§ Task to carry out
Should a line below contain the word "which", report it.
##### Exercise data
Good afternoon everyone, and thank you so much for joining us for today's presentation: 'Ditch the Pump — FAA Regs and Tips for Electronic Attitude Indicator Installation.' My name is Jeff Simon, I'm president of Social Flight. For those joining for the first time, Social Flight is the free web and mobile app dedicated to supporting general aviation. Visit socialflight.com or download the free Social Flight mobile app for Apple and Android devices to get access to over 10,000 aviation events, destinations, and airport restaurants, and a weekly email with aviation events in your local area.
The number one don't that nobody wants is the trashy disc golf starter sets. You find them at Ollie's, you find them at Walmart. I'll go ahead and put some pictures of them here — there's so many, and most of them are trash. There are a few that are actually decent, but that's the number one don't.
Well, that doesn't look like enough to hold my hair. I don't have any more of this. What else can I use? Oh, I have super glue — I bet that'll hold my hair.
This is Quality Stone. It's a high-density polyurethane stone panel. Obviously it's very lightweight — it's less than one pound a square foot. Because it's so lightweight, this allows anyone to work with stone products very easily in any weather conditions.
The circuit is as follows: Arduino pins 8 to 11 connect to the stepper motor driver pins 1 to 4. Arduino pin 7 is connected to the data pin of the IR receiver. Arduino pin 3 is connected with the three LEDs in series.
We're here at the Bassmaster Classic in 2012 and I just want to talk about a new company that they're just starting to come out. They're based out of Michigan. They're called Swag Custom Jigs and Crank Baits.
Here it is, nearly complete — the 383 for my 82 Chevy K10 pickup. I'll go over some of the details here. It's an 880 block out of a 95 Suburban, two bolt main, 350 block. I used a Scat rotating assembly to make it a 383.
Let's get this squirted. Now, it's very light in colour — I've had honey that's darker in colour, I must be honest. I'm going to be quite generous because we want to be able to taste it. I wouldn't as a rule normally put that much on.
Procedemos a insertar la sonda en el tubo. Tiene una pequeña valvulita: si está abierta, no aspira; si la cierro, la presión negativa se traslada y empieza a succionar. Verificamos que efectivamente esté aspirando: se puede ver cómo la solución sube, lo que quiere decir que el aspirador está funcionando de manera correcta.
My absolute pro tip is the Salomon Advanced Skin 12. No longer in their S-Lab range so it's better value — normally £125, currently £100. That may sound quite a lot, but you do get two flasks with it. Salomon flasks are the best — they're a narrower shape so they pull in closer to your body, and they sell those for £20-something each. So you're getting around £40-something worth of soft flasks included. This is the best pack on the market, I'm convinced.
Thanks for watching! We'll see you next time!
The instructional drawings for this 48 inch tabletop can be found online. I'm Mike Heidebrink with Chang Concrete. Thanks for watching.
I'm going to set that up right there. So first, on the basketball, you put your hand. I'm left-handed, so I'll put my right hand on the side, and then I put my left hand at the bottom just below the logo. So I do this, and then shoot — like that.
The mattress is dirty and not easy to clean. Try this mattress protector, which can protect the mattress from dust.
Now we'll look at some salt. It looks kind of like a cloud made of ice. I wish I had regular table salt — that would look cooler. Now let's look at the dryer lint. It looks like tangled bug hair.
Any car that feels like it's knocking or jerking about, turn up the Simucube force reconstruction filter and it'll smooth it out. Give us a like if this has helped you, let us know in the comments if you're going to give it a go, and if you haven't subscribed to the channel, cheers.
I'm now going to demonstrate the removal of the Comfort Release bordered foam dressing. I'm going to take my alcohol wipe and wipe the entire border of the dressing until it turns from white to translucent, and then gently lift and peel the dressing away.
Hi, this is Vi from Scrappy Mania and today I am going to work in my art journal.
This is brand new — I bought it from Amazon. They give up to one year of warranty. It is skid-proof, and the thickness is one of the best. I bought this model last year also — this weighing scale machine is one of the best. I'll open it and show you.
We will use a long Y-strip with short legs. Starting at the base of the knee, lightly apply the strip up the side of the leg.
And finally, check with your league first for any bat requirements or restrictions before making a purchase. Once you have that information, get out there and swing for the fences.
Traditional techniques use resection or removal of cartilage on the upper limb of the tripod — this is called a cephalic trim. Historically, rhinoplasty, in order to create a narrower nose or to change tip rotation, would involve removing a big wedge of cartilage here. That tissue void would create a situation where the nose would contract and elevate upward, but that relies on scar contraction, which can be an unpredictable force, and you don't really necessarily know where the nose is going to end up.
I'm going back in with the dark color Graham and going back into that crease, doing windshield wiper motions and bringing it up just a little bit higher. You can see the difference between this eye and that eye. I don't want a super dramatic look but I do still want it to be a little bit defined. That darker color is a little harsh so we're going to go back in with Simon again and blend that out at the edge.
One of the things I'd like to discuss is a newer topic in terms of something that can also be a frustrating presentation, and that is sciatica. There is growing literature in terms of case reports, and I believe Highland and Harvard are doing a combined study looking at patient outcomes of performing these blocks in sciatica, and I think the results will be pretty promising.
##########
§ Written reply
The mattress is dirty and not easy to clean. Try this mattress protector, which can protect the mattress from dust.
Traditional techniques use resection or removal of cartilage on the upper limb of the tripod — this is called a cephalic trim. Historically, rhinoplasty, in order to create a narrower nose or to change tip rotation, would involve removing a big wedge of cartilage here. That tissue void would create a situation where the nose would contract and elevate upward, but that relies on scar contraction, which can be an unpredictable force, and you don't really necessarily know where the nose is going to end up.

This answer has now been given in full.